Adrian Fourmaux fand am dritten Tag wieder zu seinem Rhythmus zurück Rallye Der Schwede hielt sich in der zweiten Runde in der Nähe von Oliver Solberg, nachdem er am Morgen ein Problem mit dem Stoßdämpfer hatte. Der Franzose liegt in der Gesamtwertung auf Platz sechs, 19,3 Sekunden hinter Solberg und 11,1 Sekunden hinter Esapekka Lappi.

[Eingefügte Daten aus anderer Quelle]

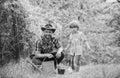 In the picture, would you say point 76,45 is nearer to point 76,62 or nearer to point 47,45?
point 76,62

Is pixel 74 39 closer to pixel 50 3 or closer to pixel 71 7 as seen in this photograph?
pixel 50 3

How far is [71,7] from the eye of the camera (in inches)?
567

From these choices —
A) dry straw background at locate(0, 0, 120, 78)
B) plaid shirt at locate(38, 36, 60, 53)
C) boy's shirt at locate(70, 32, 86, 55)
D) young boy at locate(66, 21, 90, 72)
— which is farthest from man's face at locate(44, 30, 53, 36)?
dry straw background at locate(0, 0, 120, 78)

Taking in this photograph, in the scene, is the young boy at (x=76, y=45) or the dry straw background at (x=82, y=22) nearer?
the young boy at (x=76, y=45)

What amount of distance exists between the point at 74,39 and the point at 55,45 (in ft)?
6.18

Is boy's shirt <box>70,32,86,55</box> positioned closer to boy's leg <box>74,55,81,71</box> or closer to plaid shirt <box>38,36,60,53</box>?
boy's leg <box>74,55,81,71</box>

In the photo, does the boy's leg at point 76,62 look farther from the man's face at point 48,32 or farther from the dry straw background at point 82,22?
the man's face at point 48,32

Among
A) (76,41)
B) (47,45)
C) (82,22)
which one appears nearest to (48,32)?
(47,45)

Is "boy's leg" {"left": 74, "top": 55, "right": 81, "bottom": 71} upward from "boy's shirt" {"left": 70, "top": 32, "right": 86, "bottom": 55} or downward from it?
Answer: downward

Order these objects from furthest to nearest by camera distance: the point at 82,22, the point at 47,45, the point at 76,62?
the point at 82,22, the point at 76,62, the point at 47,45

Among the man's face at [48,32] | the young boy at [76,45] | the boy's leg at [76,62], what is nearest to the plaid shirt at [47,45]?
the man's face at [48,32]

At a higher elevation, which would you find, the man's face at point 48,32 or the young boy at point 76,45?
the man's face at point 48,32

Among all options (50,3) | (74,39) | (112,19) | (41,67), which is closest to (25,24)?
(74,39)

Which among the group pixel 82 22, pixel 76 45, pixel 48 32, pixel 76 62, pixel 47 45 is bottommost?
pixel 76 62
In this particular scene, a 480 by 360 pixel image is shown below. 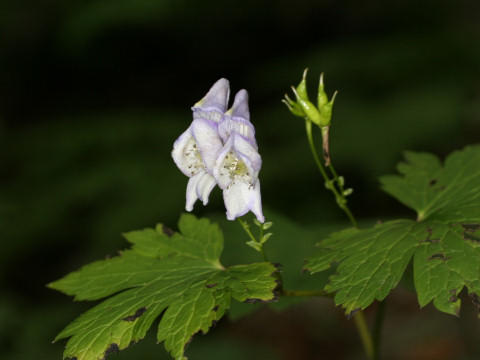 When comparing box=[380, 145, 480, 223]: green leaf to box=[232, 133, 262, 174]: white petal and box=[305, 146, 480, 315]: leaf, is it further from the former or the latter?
box=[232, 133, 262, 174]: white petal

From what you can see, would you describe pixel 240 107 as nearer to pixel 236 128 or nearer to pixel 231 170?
pixel 236 128

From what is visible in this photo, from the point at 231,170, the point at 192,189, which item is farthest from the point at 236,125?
the point at 192,189

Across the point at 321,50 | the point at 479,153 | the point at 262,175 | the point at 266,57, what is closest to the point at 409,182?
the point at 479,153

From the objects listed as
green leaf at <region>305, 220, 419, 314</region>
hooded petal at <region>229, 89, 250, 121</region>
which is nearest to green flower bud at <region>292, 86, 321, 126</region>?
hooded petal at <region>229, 89, 250, 121</region>

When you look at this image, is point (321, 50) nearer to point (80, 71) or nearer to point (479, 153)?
point (80, 71)

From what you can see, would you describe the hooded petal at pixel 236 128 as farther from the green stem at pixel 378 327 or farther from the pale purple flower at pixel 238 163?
the green stem at pixel 378 327

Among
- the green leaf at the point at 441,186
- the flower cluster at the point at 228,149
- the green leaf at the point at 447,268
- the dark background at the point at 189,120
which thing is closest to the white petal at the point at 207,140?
the flower cluster at the point at 228,149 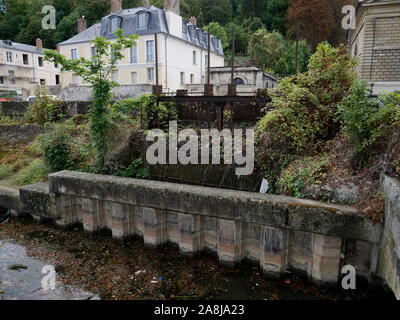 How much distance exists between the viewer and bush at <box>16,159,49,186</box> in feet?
34.6

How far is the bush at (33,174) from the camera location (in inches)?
415

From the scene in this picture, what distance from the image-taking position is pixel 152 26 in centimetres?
2933

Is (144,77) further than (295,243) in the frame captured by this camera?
Yes

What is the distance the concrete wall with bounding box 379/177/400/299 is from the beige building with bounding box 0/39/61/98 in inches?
1947

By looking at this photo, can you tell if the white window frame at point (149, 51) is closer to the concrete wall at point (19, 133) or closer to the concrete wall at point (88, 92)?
the concrete wall at point (88, 92)

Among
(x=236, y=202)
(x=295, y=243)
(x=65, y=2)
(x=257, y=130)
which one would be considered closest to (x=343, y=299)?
(x=295, y=243)

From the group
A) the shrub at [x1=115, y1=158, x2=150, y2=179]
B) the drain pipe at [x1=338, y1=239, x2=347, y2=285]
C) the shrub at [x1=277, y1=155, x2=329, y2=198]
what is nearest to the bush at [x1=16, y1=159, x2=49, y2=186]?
the shrub at [x1=115, y1=158, x2=150, y2=179]

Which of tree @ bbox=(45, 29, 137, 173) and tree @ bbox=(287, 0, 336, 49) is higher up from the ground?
tree @ bbox=(287, 0, 336, 49)

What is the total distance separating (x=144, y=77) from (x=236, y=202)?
2721 cm

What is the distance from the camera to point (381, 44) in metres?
14.1

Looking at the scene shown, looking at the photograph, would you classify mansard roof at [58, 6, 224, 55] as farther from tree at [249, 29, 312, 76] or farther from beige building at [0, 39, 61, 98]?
beige building at [0, 39, 61, 98]

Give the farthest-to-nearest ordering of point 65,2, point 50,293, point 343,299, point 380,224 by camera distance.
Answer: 1. point 65,2
2. point 50,293
3. point 343,299
4. point 380,224

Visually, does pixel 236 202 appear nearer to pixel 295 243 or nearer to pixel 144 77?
pixel 295 243

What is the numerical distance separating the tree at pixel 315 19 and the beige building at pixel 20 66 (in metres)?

Der fünfte oder sogar vierte Platz ist für die Mannschaft weiterhin erreichbar. Hyundai. " Wir müssen morgen optimieren. Ich bin mit den Fortschritten des Wagens heute Nachmittag zufrieden. Es war ein recht positives Ergebnis. Er freute sich über das AUTO-Mikrofon.hebdovor Ort anwesend. Ich werde dieses Gefühl morgen, von der ersten Etappe an, im Hinterkopf behalten, um am Sonntag meinen Beitrag zu leisten und zu versuchen, Lappi einzuholen. Man weiß nie, was vorne passieren kann. Selbst Oliver könnte Probleme haben. Wir werden sehen. Es ist eine Rallye bis zum Schluss, voller Überraschungen. Wir werden sehen, was passiert. »

Ein kleiner Fehler in der fünfzehnten Wertungsprüfung kostete den Franzosen etwas Zeit, da er als einziger Fahrer mit nur fünf Rädern an seinem Hyundai startete. Dies geschah, um nicht zu sehr durch das Gleichgewicht des Wagens gestört zu werden. erklärt Fourmaux. Wenn es eine Runde gab, auf der ich es schaffen konnte, dann diese. Im ersten Abschnitt musste ich leider etwas Tempo rausnehmen, weil er die Reifen stark beanspruchte. Deshalb habe ich im Schotterabschnitt versucht, die Reifen zu schonen. Aber in den nächsten drei Abschnitten habe ich alles gegeben. Im letzten Abschnitt ist mir leider an einer Kreuzung ein kleiner Fehler unterlaufen, aber ansonsten war die Zeit ziemlich gut. »

Adrien Fourmaux hat am Sonntag drei Sonderprüfungen, um im Gesamtklassement Boden gutzumachen. Dank des Super Sunday und der Power Stage kann er zudem bis zu zehn zusätzliche Meisterschaftspunkte holen.

Das Interview wurde von Pierre Barré in Schweden geführt.